◆ WHAT YOU HAVE TO DO: Starting with the line below that holds "Display samsung a33/s20" and stopping after the line that holds "Modelons 24 pcs", transcribe the lines exactly, leaving out all pictures.

◆ DATA SUPPLIED:

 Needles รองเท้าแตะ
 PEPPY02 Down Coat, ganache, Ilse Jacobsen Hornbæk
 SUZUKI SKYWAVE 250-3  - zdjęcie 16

---

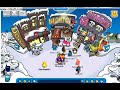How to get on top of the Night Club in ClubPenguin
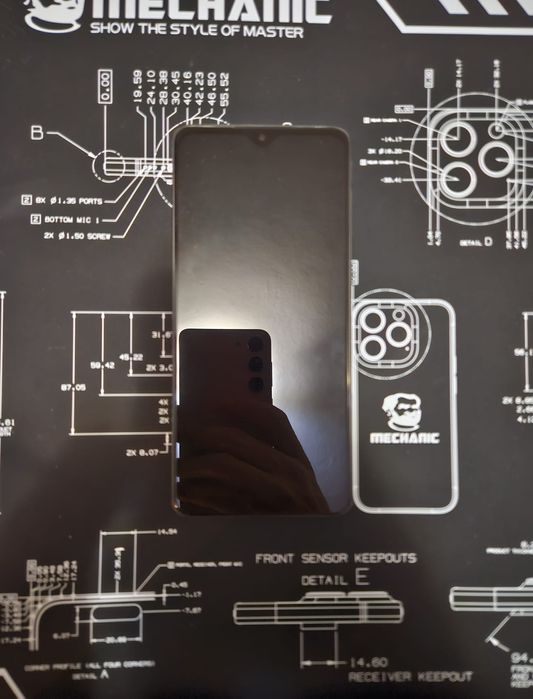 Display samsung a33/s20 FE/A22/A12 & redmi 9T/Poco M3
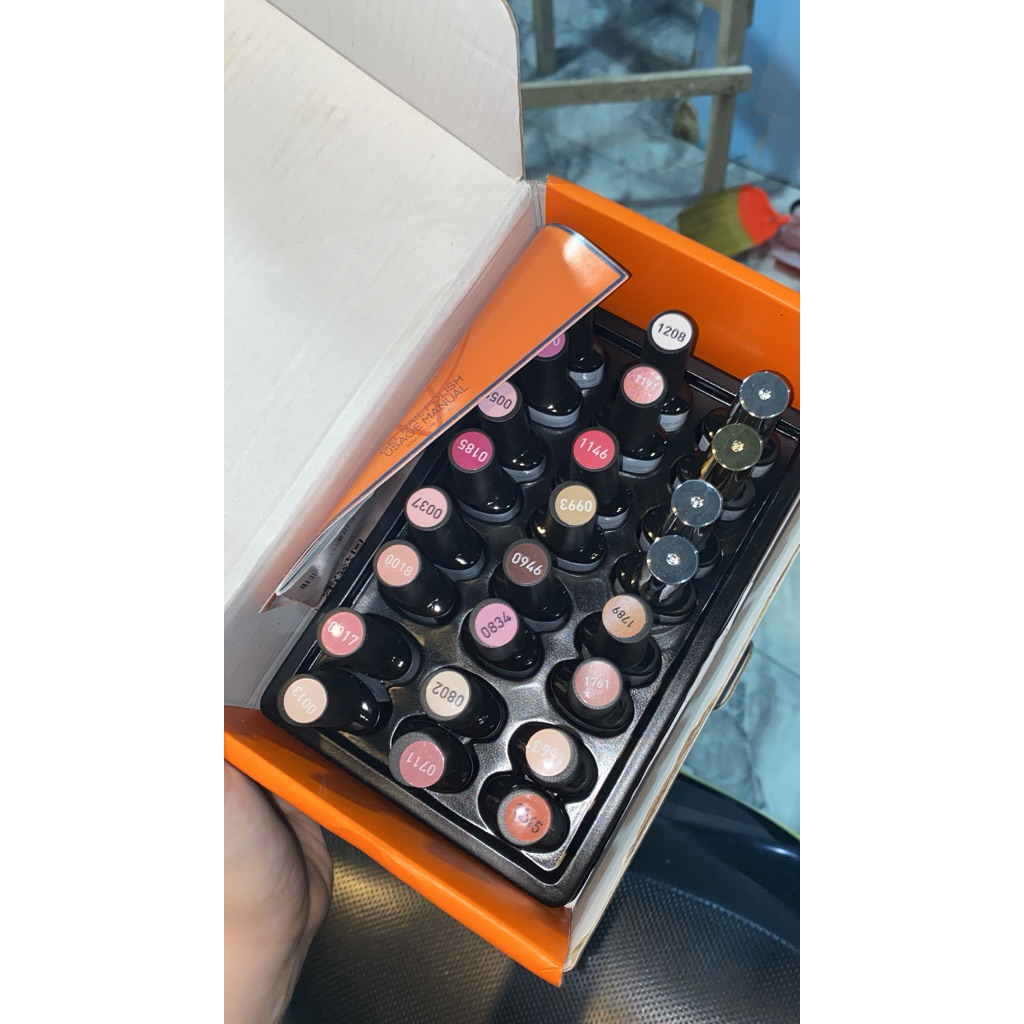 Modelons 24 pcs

...

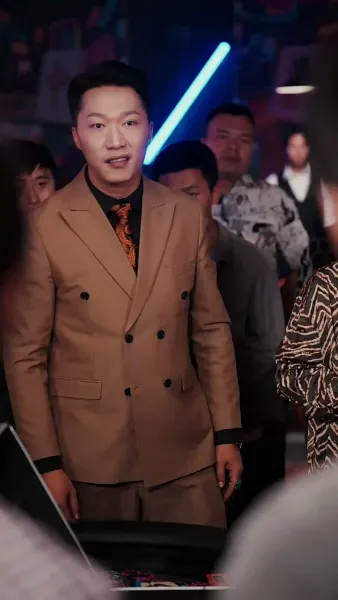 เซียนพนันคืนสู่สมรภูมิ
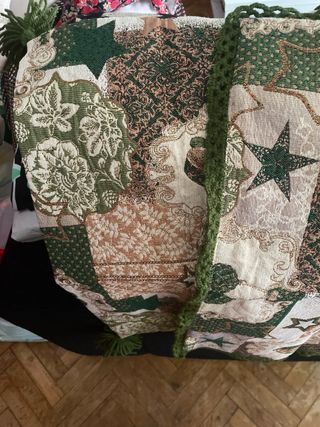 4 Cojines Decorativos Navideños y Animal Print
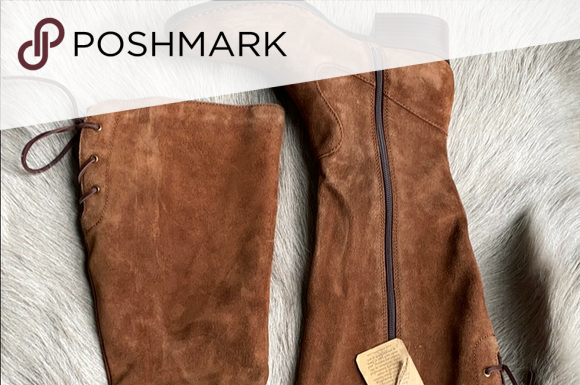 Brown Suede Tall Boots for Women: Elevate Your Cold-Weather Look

◆ RESPONSE FOR THIS EXERCISE:
 Display samsung a33/s20 FE/A22/A12 & redmi 9T/Poco M3
 Modelons 24 pcs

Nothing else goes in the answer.